-- Exercise --
A verbatim copy of all the data is required, minus any images.

-- Given information --
■ ■ ■ ■

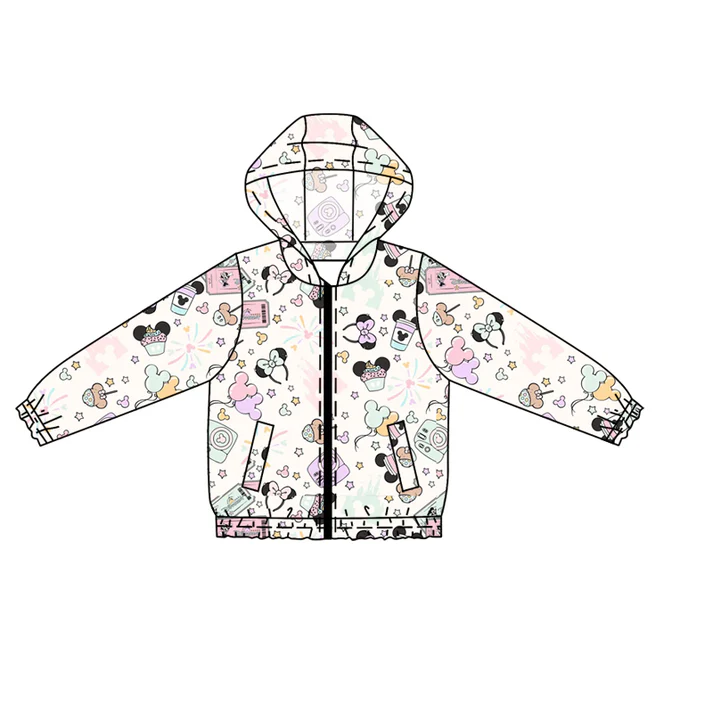 Custom Cartoon Mouse Stars Print Girls Hoodie Zipper Pockets Jackets Top D 4.10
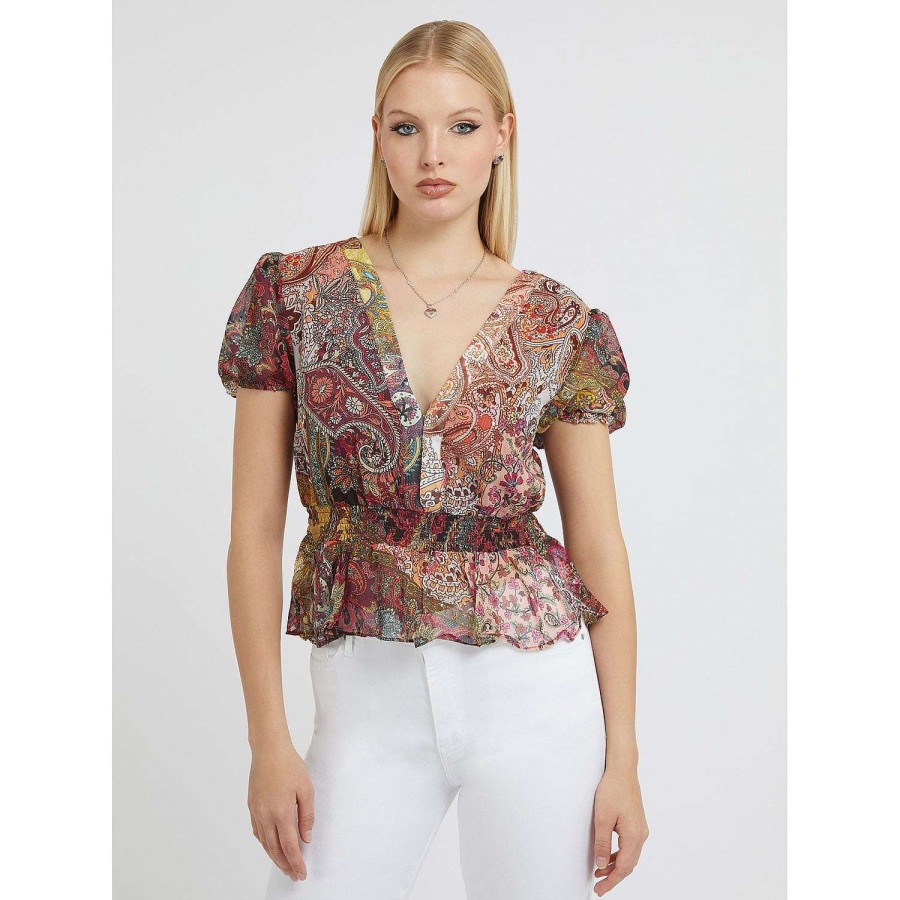 Guess Top Ss. Lila Con Motivo Cachemire Stampa Campi Paisley Best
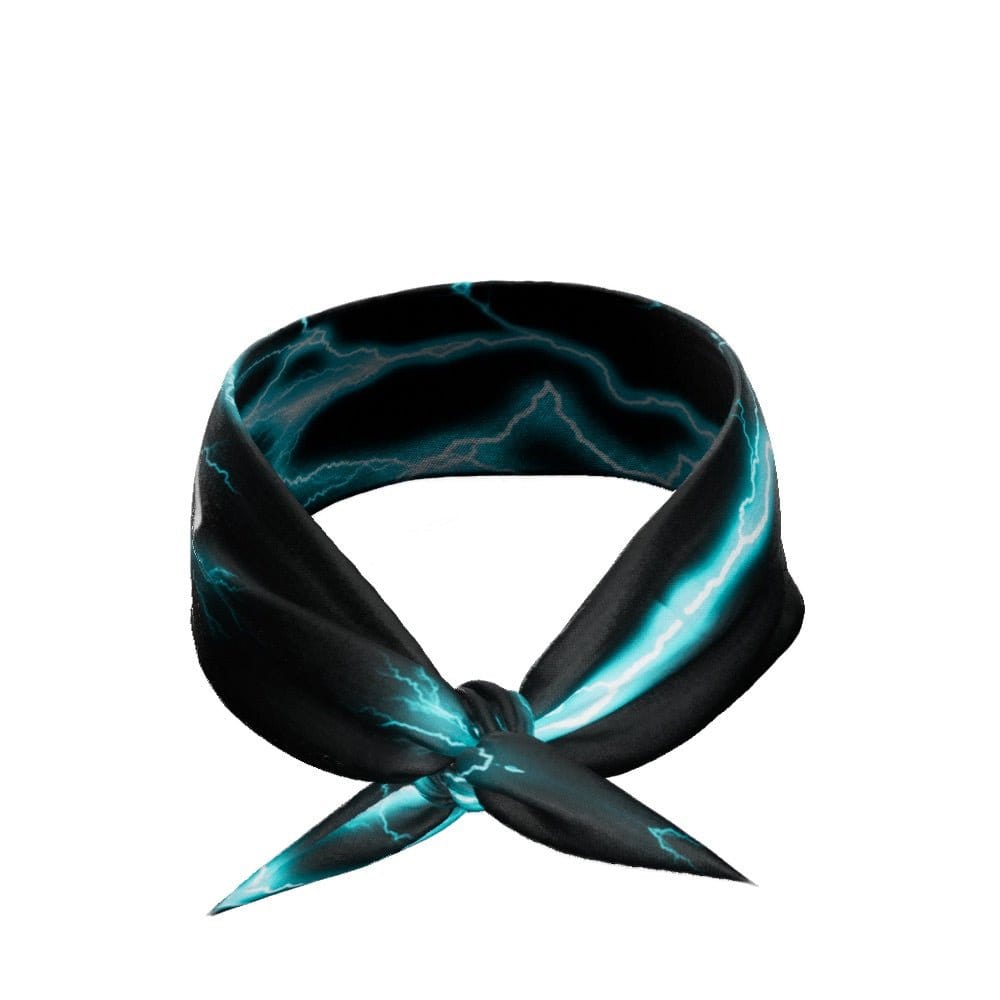 Cyan Lightning Tie Headband - Grit Grind Strength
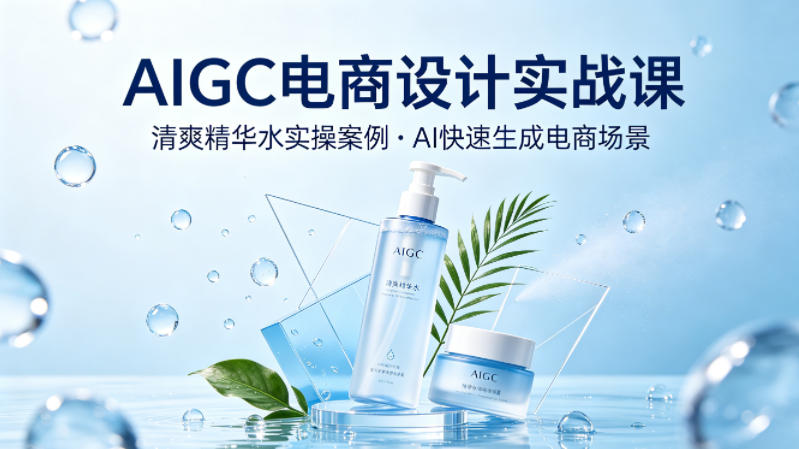 AIGC电商设计实战课,以清爽精华水为实操案例,教你用AI快速生成电商场景-网创资源地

■ ■ ■ ■

-- Task result --
 Custom Cartoon Mouse Stars Print Girls Hoodie Zipper Pockets Jackets Top D 4.10
 Guess Top Ss. Lila Con Motivo Cachemire Stampa Campi Paisley Best
 Cyan Lightning Tie Headband - Grit Grind Strength
 AIGC电商设计实战课,以清爽精华水为实操案例,教你用AI快速生成电商场景-网创资源地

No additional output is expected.